Ils ont tout d’abord mené une enquête consacrée au burn-out auprès de 242 internes en médecine dans un CHU de province. Ce travail a révélé une souffrance au travail pour la moitié des répondants. Les chercheurs ont donc sélectionné « ceux qui ne sont pas épuisés », dans le but de « mettre à jour les stratégies adoptées pour surmonter les conditions de travail compliquées », expliquent les deux chercheurs.
Après avoir mené des entretiens avec les répondants, ils sont parvenus à établir quatre profils différents.
Premier profil : les projectionnistes. « Ils ont conscience des difficultés actuelles et cherchent une échappatoire mentale afin de continuer leur travail quotidien. Pour cela, ils anticipent l’avenir », indiquent les chercheurs. Ils pensent à travailler à l’étranger, se concentrent sur leur projet post-internat, évoquent un potentiel DU dans une spécialité qui les intéresse… « Si j’arrive à ne pas être en souffrance, c’est parce que j’ai mon activité personnelle en médecine chinoise qui me donne un élan. J’ai des projets pour l’avenir, je suis déjà ouvert sur la suite », témoigne l’un de ces « projectionnistes ».
Le deuxième profil, ce sont les conformistes, qui n’ignorent pas les difficultés, mais estiment que leurs conditions de travail sont… normales. « Avoir de longues journées est bénéfique puisque c’est sur le terrain qu’on apprend à devenir médecin », résument les deux chercheurs.
Avant-dernier profil décrit par les chercheurs : les auto-connaisseurs. Ces derniers se focalisent sur ce qui constitue chez eux un avantage concurrentiel par rapport à leurs collègues afin de se valoriser. L’un d’eux raconte ainsi : « je pense que je suis assez utile parce que mon parcours atypique est une force extraordinaire que j’ai sous-estimée au début. Je n’ai pas les mêmes connaissances que les autres médecins, notamment en statistiques donc je peux donner des conseils que même les chefs ne pourraient pas ».

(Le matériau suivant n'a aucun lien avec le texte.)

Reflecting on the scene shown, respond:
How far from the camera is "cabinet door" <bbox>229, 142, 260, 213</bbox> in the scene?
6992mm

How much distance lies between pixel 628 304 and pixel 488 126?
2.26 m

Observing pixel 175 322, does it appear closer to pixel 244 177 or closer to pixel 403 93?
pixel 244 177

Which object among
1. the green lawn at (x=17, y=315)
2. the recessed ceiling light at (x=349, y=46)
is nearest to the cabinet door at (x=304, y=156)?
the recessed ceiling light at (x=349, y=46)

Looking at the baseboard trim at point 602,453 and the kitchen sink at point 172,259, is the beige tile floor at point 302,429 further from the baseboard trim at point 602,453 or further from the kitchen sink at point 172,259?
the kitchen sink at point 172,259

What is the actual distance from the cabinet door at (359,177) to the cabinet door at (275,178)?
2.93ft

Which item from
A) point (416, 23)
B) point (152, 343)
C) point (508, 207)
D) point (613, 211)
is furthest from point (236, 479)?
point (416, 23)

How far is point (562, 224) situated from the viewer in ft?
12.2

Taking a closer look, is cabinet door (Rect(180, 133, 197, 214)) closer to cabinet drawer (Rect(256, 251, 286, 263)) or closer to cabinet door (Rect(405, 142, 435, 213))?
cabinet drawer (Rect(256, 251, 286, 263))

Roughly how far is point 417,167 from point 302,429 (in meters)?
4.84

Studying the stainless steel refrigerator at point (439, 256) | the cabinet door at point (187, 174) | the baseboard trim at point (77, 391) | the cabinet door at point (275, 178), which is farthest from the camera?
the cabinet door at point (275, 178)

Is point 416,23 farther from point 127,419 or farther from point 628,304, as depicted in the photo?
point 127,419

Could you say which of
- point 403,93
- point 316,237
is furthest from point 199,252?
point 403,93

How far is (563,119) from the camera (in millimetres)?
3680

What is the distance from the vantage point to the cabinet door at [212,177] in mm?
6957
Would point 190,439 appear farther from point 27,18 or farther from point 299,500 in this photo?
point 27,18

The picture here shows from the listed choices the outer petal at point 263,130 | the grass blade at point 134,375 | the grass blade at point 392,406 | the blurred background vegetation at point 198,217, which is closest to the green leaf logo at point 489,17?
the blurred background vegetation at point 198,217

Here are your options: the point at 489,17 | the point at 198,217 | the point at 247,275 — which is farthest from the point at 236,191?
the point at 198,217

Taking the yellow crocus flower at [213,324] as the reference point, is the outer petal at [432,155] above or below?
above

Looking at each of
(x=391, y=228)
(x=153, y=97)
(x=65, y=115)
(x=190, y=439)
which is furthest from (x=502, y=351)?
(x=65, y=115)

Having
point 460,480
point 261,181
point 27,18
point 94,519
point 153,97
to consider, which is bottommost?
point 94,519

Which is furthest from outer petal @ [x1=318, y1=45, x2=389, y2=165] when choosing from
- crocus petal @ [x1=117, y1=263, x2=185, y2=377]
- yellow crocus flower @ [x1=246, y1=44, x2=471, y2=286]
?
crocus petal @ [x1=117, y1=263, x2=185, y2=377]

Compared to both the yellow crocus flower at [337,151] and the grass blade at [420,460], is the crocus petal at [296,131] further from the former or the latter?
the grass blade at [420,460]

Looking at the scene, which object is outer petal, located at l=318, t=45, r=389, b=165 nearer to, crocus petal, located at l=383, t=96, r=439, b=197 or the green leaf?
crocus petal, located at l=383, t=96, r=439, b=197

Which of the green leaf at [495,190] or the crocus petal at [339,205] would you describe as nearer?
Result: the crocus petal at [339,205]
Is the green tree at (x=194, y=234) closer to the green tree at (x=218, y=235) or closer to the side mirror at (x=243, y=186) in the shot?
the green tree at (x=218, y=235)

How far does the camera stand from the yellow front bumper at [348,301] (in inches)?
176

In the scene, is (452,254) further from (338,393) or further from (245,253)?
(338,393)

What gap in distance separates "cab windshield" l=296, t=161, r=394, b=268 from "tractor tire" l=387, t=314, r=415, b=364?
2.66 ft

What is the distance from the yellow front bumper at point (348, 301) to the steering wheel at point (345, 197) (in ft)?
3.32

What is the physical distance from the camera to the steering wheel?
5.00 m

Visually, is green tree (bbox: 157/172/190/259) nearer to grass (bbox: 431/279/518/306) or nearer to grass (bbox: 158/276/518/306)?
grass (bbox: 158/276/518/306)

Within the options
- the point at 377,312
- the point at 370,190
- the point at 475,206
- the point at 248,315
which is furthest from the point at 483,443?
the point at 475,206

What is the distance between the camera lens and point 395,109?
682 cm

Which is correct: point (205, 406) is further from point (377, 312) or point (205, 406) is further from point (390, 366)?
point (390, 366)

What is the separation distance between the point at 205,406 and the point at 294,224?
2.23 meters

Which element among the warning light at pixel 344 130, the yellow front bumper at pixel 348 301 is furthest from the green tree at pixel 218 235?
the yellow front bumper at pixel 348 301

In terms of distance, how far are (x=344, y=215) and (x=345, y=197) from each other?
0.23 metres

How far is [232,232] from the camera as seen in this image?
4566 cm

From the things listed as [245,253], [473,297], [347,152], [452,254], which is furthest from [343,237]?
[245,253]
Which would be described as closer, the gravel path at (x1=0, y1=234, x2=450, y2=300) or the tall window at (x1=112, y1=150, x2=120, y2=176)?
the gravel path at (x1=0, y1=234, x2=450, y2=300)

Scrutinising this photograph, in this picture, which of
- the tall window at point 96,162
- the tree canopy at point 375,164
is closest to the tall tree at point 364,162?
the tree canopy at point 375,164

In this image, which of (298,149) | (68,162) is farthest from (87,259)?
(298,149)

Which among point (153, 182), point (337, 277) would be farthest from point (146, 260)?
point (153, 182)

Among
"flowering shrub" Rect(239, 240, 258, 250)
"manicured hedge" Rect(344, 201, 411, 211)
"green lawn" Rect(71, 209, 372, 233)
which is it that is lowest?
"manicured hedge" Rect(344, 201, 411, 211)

Le dernier profil dégagé par Marie Cousineau et Adama Ndiaye, ce sont les challengers, qui voient leur travail comme un évènement ludique. « Pour moi les urgences, c’est une sorte de jeu. Tous les jours je viens, un patient arrive qu’est-ce qu’il a ? Il faut que je trouve, c’est mon petit jeu ! », témoigne un challenger. « Qu’ils ne disent pas merci derrière je m’en fiche, chaque patient c’est une épreuve pour moi de tester mes connaissances et de m’améliorer. Je deviens un meilleur médecin chaque jour. Ça me plaît et ça me suffit largement ». Un profil un peu « super-héros », qui aime relever des défis et sauver des vies.
Une projection mentale utile… mais jusqu’à quand ?
En conclusion, les chercheurs expliquent que leur typologie montre que la connaissance de soi est une alliée qui permet d’adopter des stratégies afin de faire face aux difficultés du travail au quotidien. C’est donc une sorte de projection mentale qui permet « de gérer ses efforts et sa relation au travail ».
Cependant, ils ignorent si de telles dispositions dureront dans la durée et avec autant d’intensité. « Combien de temps les internes tiendront ? »,s’interrogent les auteurs de l’étude. « C’est pourquoi ce travail n’exclut pas l’adoption d’une réflexion pour l’amélioration des conditions de travail et la prise en compte de leurs revendications », précisent-ils pour conclure.